■ What this task involves
How do the lines below between the ones holding "Iphone 15 pro titanium full box" and "IWC ヨットクラブ1970年製(昭和45年製) Cal.8541B メッシュブレス付き", inclusive, read? Give them again exactly, with no other lines.

■ Given information
=== Section Start ===

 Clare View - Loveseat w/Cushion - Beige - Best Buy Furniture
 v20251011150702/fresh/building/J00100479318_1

=== Section End ===
=== Section Start ===

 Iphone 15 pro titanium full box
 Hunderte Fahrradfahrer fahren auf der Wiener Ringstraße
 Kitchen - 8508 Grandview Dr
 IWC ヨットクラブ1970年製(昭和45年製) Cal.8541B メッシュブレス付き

=== Section End ===

■ Output below
 Iphone 15 pro titanium full box
 Hunderte Fahrradfahrer fahren auf der Wiener Ringstraße
 Kitchen - 8508 Grandview Dr
 IWC ヨットクラブ1970年製(昭和45年製) Cal.8541B メッシュブレス付き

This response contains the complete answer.